§ **DESCRIPTION OF THE TASK**: An exact copy, beginning at the line containing "鮴　めばる　筆文字　水彩画 65744099" and ending at the final line of the records that follow, is the answer; it has no pictures and no other text.
#### TASK MATERIAL
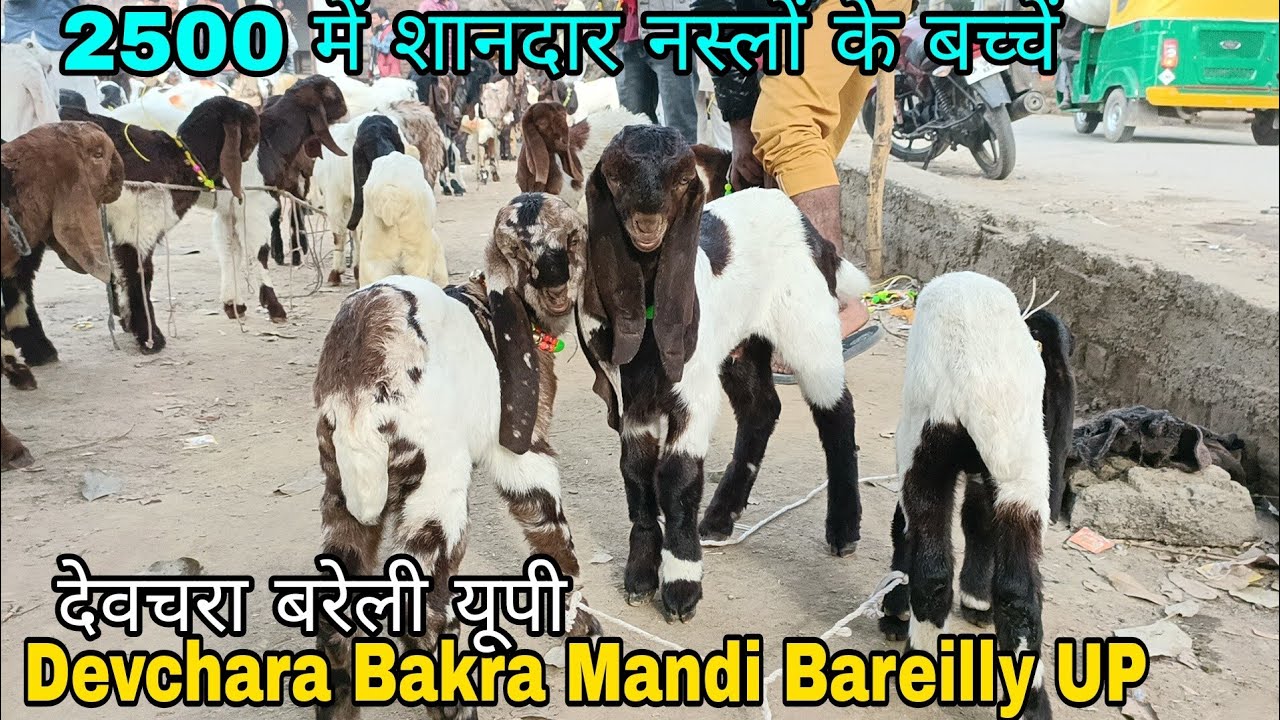 22/02/24 Live Devchara Bakra Mandi Bareilly UP All types Breed kids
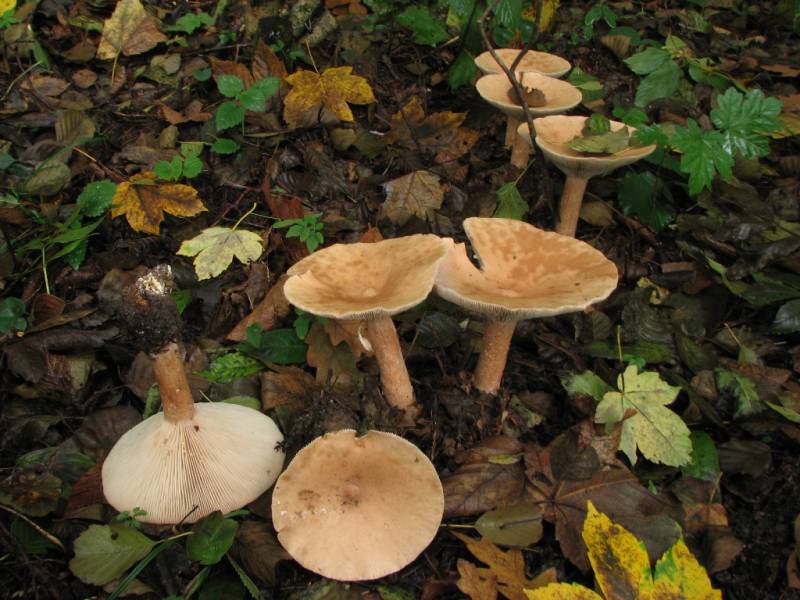 Infundibulicybe geotropa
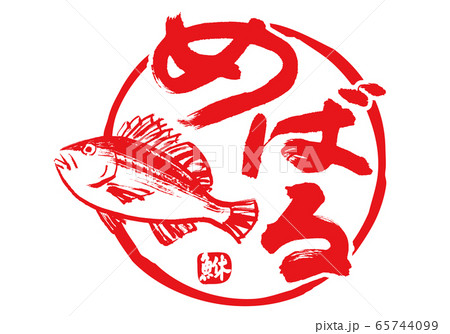 鮴　めばる　筆文字　水彩画 65744099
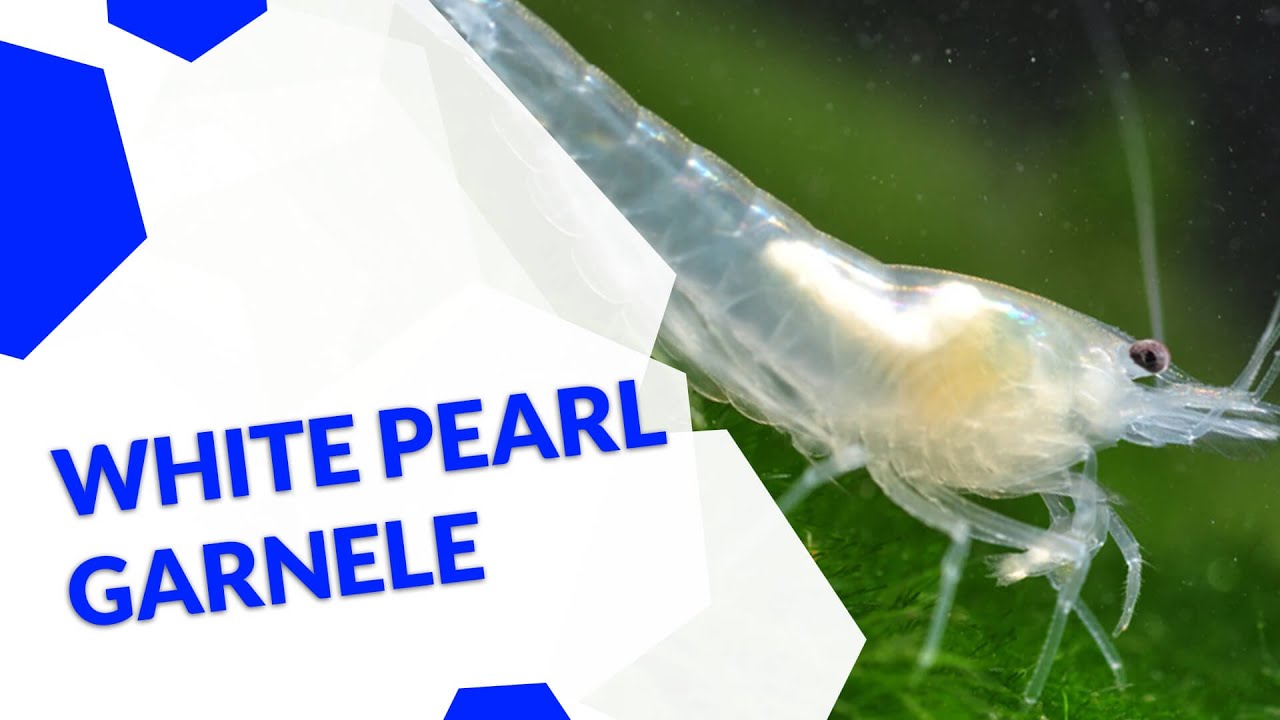 White Pearl Garnele | Neocaridina palmata | die Weißperlenengarnele für dein Aquarium 🦐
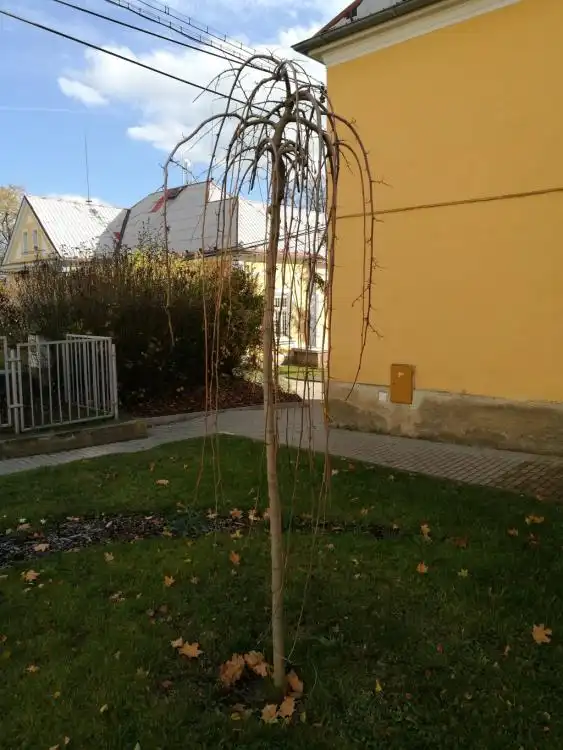 Dendrologická stezka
########
§ **ANSWER AREA**:
 鮴　めばる　筆文字　水彩画 65744099
 White Pearl Garnele | Neocaridina palmata | die Weißperlenengarnele für dein Aquarium 🦐
 Dendrologická stezka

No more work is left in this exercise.